• **TASK PROMPT**:
Write the data out again so that it matches word for word.

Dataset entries

== Segment start ==

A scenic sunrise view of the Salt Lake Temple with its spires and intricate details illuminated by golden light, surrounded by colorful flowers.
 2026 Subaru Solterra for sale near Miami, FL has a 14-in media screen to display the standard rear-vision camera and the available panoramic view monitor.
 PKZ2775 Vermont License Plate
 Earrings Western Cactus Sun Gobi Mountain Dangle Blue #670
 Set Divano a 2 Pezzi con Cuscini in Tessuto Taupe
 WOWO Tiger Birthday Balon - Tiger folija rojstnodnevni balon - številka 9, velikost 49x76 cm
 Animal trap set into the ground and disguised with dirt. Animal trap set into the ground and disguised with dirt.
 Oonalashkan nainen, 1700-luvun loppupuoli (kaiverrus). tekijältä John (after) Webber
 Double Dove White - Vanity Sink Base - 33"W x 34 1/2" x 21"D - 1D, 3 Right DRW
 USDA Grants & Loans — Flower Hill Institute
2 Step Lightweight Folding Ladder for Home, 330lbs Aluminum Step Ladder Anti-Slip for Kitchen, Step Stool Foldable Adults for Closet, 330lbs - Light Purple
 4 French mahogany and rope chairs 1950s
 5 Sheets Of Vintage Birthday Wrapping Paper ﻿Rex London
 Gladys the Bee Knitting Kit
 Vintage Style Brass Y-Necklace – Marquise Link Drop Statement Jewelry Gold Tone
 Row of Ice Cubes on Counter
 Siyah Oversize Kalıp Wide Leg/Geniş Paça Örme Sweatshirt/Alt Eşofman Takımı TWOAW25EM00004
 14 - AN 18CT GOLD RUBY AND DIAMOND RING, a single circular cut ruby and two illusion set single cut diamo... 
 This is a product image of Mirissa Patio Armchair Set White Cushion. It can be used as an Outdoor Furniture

== Segment end ==

• **ANSWER**:
A scenic sunrise view of the Salt Lake Temple with its spires and intricate details illuminated by golden light, surrounded by colorful flowers.
 2026 Subaru Solterra for sale near Miami, FL has a 14-in media screen to display the standard rear-vision camera and the available panoramic view monitor.
 PKZ2775 Vermont License Plate
 Earrings Western Cactus Sun Gobi Mountain Dangle Blue #670
 Set Divano a 2 Pezzi con Cuscini in Tessuto Taupe
 WOWO Tiger Birthday Balon - Tiger folija rojstnodnevni balon - številka 9, velikost 49x76 cm
 Animal trap set into the ground and disguised with dirt. Animal trap set into the ground and disguised with dirt.
 Oonalashkan nainen, 1700-luvun loppupuoli (kaiverrus). tekijältä John (after) Webber
 Double Dove White - Vanity Sink Base - 33"W x 34 1/2" x 21"D - 1D, 3 Right DRW
 USDA Grants & Loans — Flower Hill Institute
2 Step Lightweight Folding Ladder for Home, 330lbs Aluminum Step Ladder Anti-Slip for Kitchen, Step Stool Foldable Adults for Closet, 330lbs - Light Purple
 4 French mahogany and rope chairs 1950s
 5 Sheets Of Vintage Birthday Wrapping Paper ﻿Rex London
 Gladys the Bee Knitting Kit
 Vintage Style Brass Y-Necklace – Marquise Link Drop Statement Jewelry Gold Tone
 Row of Ice Cubes on Counter
 Siyah Oversize Kalıp Wide Leg/Geniş Paça Örme Sweatshirt/Alt Eşofman Takımı TWOAW25EM00004
 14 - AN 18CT GOLD RUBY AND DIAMOND RING, a single circular cut ruby and two illusion set single cut diamo... 
 This is a product image of Mirissa Patio Armchair Set White Cushion. It can be used as an Outdoor Furniture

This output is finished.